Böyle işte... Zaman geçti, iyi geldi. Keşke demiyorum. Belki bir başka hayatta demiyorum. İnandım ki her şeyin bir nedeni var. Seninle yıkılan inançlarımı zamanla yeniledim, tazeledim. Dışardaki güzelliği görebilmek, içime alabilmek için.
Şimdi içimde sadece güzel anları saklıyorum. Ve 10 sene öncesini gülümseyerek hatırlıyorum.
Pek çok soğuk geceyi sıcak çay ve muhabbetle ısıttık. Ağladıkça sarıldık, sarıldıkça güldük. Sırlar paylaştık. “Şimdi hisar’da, salacak’ta, piyer loti’de olmak vardı” ile başlayan cümleler kurduk.
Vedadan önceki gece, “hatırlıyor musun” diye başlayan cümlelerle ortak olduğumuz sefil hallerimize güldük, güldük. Sonra “bir sayfayı kapatıyoruz farkında mısın” dedi, iç çektik. Önümüzdeki günlerin daha güzel olacağına dair hayaller kurarken hüzünlenmek nedendir?
Biraz önce telefonda, “hayal ettiğimiz şeylerin bir gün olacağına ben bütün kalbimle inanıyorum çakıl” dedi. “Olur tabi marul, yeter ki gönüller bir olsun” dedim.
Gönül gönüle bir kere değdi mi, mesafeler nedir ki...

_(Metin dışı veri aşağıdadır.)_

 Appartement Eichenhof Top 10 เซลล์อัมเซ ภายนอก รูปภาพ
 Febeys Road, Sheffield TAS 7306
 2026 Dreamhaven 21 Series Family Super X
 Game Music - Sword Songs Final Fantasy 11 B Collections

geçen sene yazdıklarıma baktım. o duygular, o ruh hali daha dünmüş gibi. oysa ben ne çok değişmiş hissediyorum.
gördüğüm o ki, yaşayacağım değişimleri önceden kestiremiyorum. kendimi bir projeymişim gibi kontrol edemiyorum, etmek istediğim de yok zaten. zamanla kendiliğinden oluyor her şey.
ancak geriye dönüp baktığımda görebiliyorum nelerin değiştiğini ve saksıda yeni açmış bir çiçeği farkeder gibi karşılıyorum hepsini.

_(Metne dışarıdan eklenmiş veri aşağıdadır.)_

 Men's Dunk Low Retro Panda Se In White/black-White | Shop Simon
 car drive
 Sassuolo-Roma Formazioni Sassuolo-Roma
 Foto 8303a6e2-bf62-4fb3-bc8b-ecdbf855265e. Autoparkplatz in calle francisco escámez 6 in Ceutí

bu yılki yeni yaş karşılamamda gün boyu güzel sürprizler vardı. en güzeli de, kapıma gelen saksıdaki güldü. saksıda gül alasım vardı ne zamandır, henüz kimselere dememiştim ki o gül kapıma geldi.
sevgili blog, eğer unutursam hatırlat olur mu:
insan isterse her şey olur. eğer gönülden isterse olur... sadece zaman gerekli.
Madem ki bahar, öyleyse vakit yenilenme vaktidir. İster aynı yolda devam et, ister yeni bir yol haritası çiz, ama baharla birlikte yenilen.
Yolun sonunda varılacak bir nokta değil, yolun ta kendisidir dedik hayat. Öyleyse yolun keyfini sür. Bazen ağır ağır demlenerek, bazen aşka gelip serpilerek... Ama illa ki anlamaya çalışarak yolda devam et.
Kopya çekmeden, başkasının cevapları seninmiş gibi yapmadan, kendi sorularına kendi cevaplarını ara. Yüreğine iyi gelenlerle ol.
Yüreğin yorulur gibi olduğu zamanlarda şiirlerden, şarkılardan, türkülerden güç alarak, umudu kaybetmeden, sevinci yitirmeden devam et. Bazen susup izleyerek, bazen dile dökerek, bazen düşüp kalkarak, bazen akıntıya karşı durarak, bazen kabullenip oluruna bırakarak...
Madem ki bahar, öyleyse vakit, sevme vaktidir. Yolda olmayı, yolun kendisini, getirdiklerini, götürdüklerini, getireceklerini sevme vakti.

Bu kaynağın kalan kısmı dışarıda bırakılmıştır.